■ Task prompt ■
Pictures must not appear; the answer is exactly the lines from the one that holds "pastellkreide" through the end of the material.

■ Supplied data ■

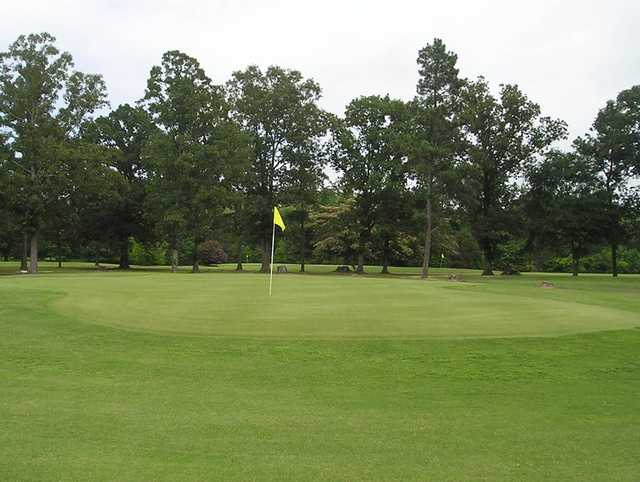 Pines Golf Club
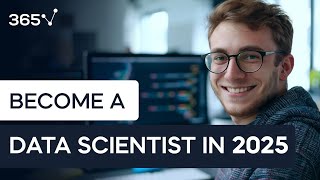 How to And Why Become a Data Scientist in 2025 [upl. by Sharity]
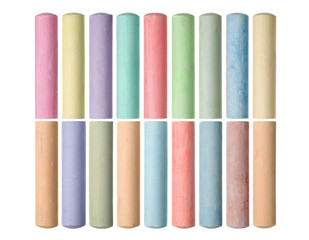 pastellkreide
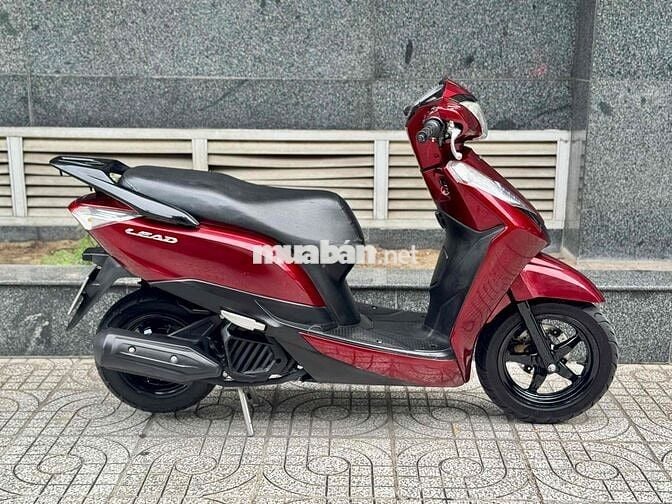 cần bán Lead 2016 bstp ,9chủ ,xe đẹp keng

■ Result of the task ■
 pastellkreide
 cần bán Lead 2016 bstp ,9chủ ,xe đẹp keng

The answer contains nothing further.